SCHENECTADY - Printmakers push well beyond the page in “All that is Gathered,” the latest exhibit to open at Union College’s Crowell and West galleries.
Curated by Allison Conley, lecturer of visual arts in printmaking and drawing, the exhibit features installations and sculptures by printmakers Golnar Adili, Kristina Bivona and Karen Lederer.
It begins with poignant prints from Adili, who captures a series of arm gestures taken from photographs of her father. They function as studies, with Adili working through depicting movement, but they are also tender keepsakes, one print showing an embrace. Adili, a Brooklyn-based multidisciplinary artist of Iranian descent, revisits the embraced pose in a nearby installation with prints of her father’s arms squeezing a white pillow, reflecting the comfort of the motion.
The daughter of political activists, Adili is often influenced by her adolescence in Tehran following the Iranian Revolution of 1979. Her work often features themes of displacement, longing, loss and a search for identity.

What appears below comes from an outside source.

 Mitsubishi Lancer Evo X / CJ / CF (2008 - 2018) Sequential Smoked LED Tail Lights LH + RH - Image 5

Printmaking is perhaps an ideal art form for that kind of exploration. As Conley notes, prints are the product of contact and separation, a process intrinsically linked to touch, departure and memory.
“These themes echo through the work as the artists reflect the intimate, complex and layered experiences they have gathered,” Conley said in a statement.

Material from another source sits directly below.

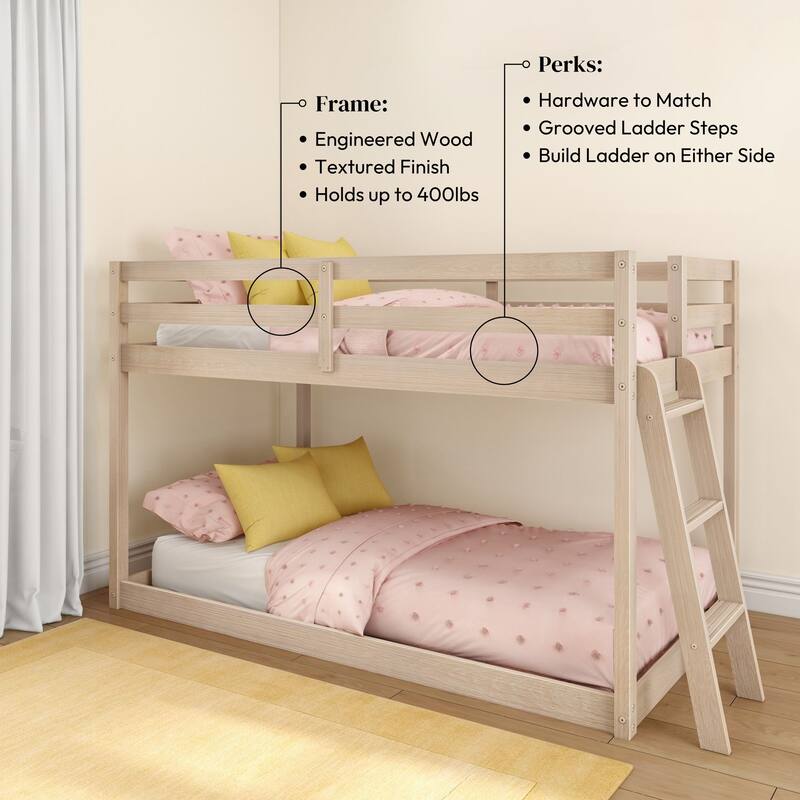 Now Furniture Low Bunk Bed for Kids, Twin over Twin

Elsewhere in the exhibit, pop-up books reflect on sex work and incarceration. Displayed on platforms hung from the ceiling, the multilayered books are a grungy marvel. In one, the first layer looks like a chain-link fence, obscuring a gritty landscape of limbs, fences and buildings. Another features a shopping cart and car, framed by looping pay phone cords.
The books were created by Bivona, a Brooklyn-based printmaker who co-established a printshop for prison diversion called Recess Art’s Assembly program, a nonprofit exhibition and studio space.
Directly across from Bivona’s books are the riotously colorful paintings and prints from Lederer. Her work mixes the graphic elements of monoprints with the movement of painting, bringing viewers inside with images of coffee mugs, fish bowls and an artist at work.
Everyday objects are blurred or obscured and in a sense made new again. She also gives New York City institutions a nod, referencing the Museum of Modern Art in a sizable work featuring an artist painting a mug with MoMA in a bold orange hue.
“All that is Gathered” opened Jan. 8 and will run through March 14 in the Crowell and West galleries in the Feigenbaum Center for Visual Arts. For information, visit union.edu.